AI privacy protection should also emphasize engineering concepts. The privacy design principles proposed in the 1990s faced a very different technological and industrial environment than exists today. The processes for developing AI products and services differ significantly from those in the big data industry. Although privacy design emphasizes standardization throughout the entire lifecycle, its focus is still on design, limiting its penetrative capacity for the development of more complex AI systems, making it difficult to ensure the full realization of privacy needs. AI technologies like deep learning have many “black box” aspects, and design needs must undergo engineering adjustments to be gradually realized. In this context, privacy engineering can play a more significant role. Privacy engineering focuses on implementing a series of technologies to reduce privacy risks and ensure that organizations can make purposeful decisions regarding resource allocation and the effective implementation of information system controls. In principle, privacy design should precede privacy engineering. However, as some scholars have pointed out, privacy engineering typically encompasses all activities related to privacy throughout the entire system development lifecycle.

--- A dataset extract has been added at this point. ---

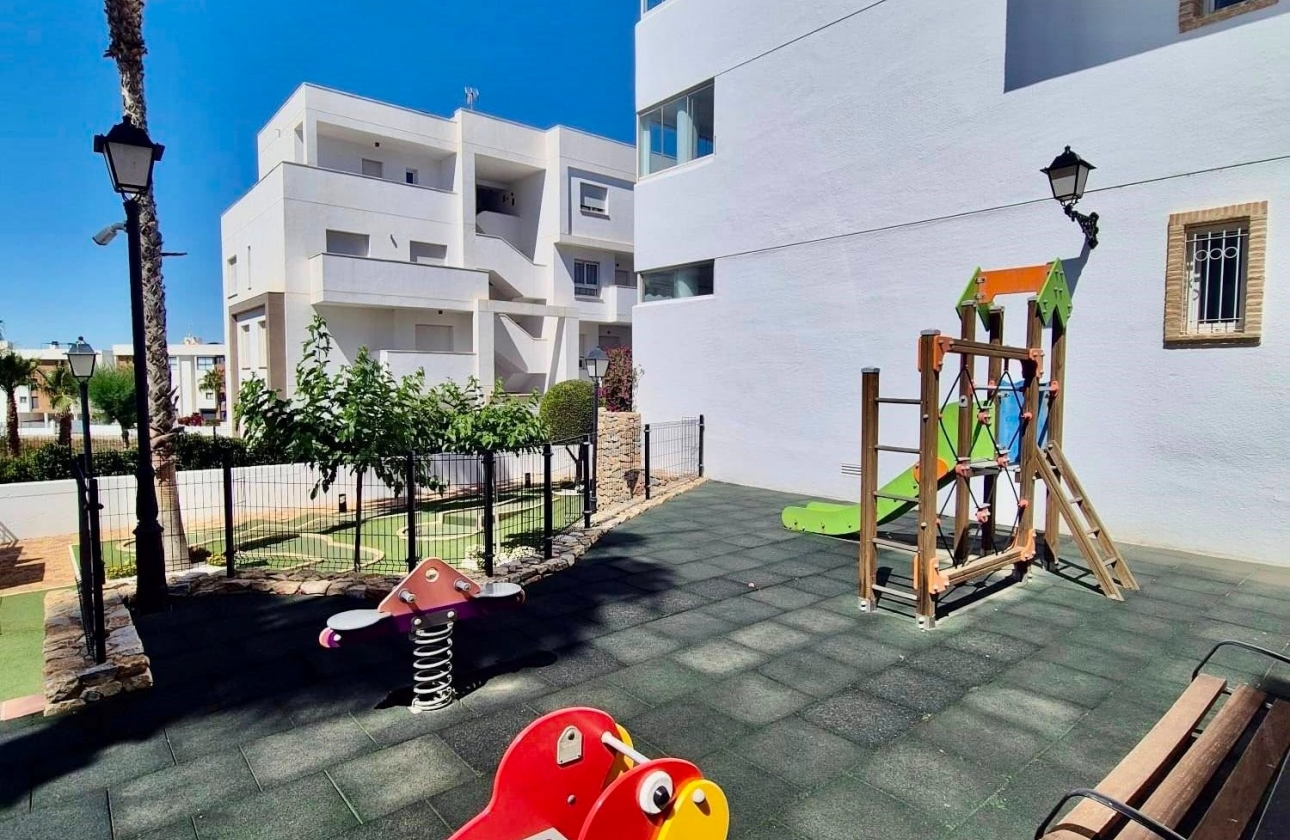 Resale - Apartment / flat - Orihuela Costa - Villamartín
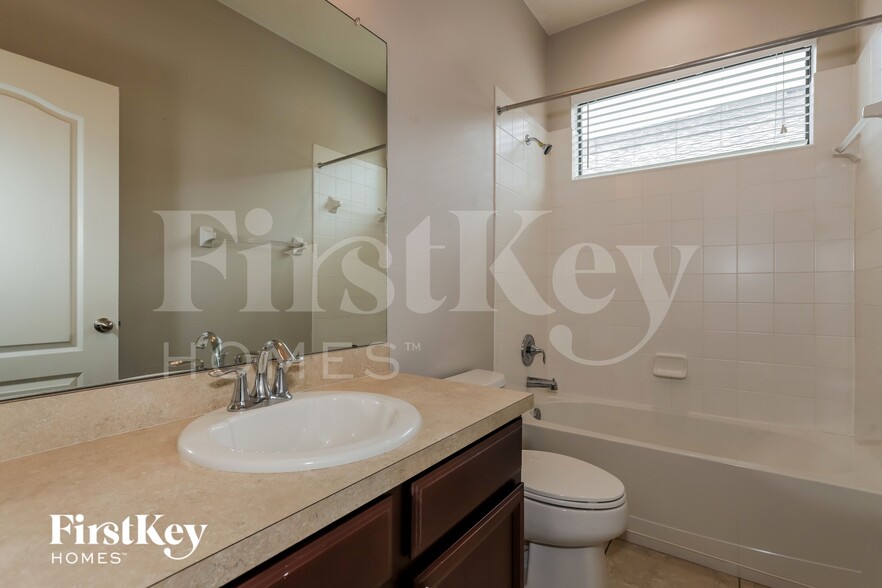 Building Photo - 8507 White Poplar Dr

Guided by systems and engineering perspectives, AI legislation should describe technology and product processes centering on “computation” rather than “data,” and based on this, conduct targeted standardization of training and inference processes involving privacy in AI. During the training phase, in addition to focusing on the legal basis for data processing, it is also necessary to guide the privacy protection responsibilities of AI providers, encouraging them to pay more attention to the personal privacy protection risks beyond data compliance. In the inference application phase, it is essential to further open up channels for individuals to participate in AI projects, providing them with more tools and means to safeguard their personal privacy rights.
4. Conclusion
Former European Data Protection Supervisor Giovanni Buttarelli pointed out that the privacy paradox is not a contradiction between people’s hidden and exposed needs but rather that we have not found the right methods to address the possibilities and vulnerabilities brought about by rapid digitalization. Compared to big data, the intense transformation brought about by AI technology has a more profound impact on human society. However, the current response to AI risks exhibits an excessive focus on “distant worries” while lacking attention to “immediate concerns.” Various crisis theories, such as AI potentially replacing or controlling humans, abound. At the same time, there is a severe lack of attention to the privacy risks posed by the ongoing impact of AI. People have unreasonably assumed that the technologies and norms of the big data era can smoothly resolve the privacy issues of AI. Research indicates that when humans make decisions in states of uncertainty without any information on probability distributions, the brain regions activated are the prefrontal cortex and the amygdala. The former stimulates planning and inhibition of instincts, while the latter evokes fear emotions. The current cognitive biases of the public towards AI largely stem from emotional responses to extreme uncertainty. For ordinary individuals, this may be understandable. However, scholars should not follow the tide, nor should they amplify and misuse negative emotions. Legal research in the VUCA (Volatility, Uncertainty, Complexity, Ambiguity) era should overcome emotional barriers, surmount cognitive obstacles, and explore the stability and foundation of norms while understanding industry and technology dynamics.